Task item: Only one span of the material below is wanted. Output it exactly, from the line with "BREMBO P 56 045 Plaquettes de frein" through the line with "Fortnite felpa con - felpa, cappuccio", without any pictures.

Data shown:
--- START ---
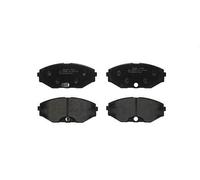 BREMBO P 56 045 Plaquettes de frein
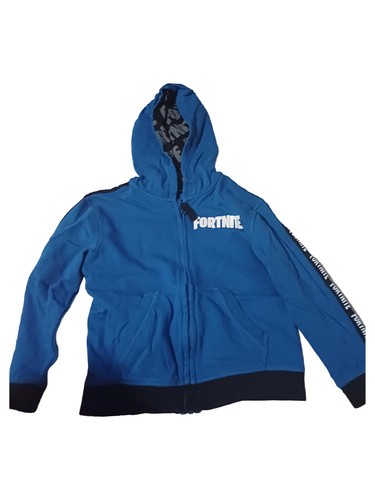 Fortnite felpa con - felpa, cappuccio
--- END ---
--- START ---
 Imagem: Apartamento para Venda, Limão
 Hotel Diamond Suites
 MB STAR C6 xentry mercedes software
--- END ---
Result:
 BREMBO P 56 045 Plaquettes de frein
 Fortnite felpa con - felpa, cappuccio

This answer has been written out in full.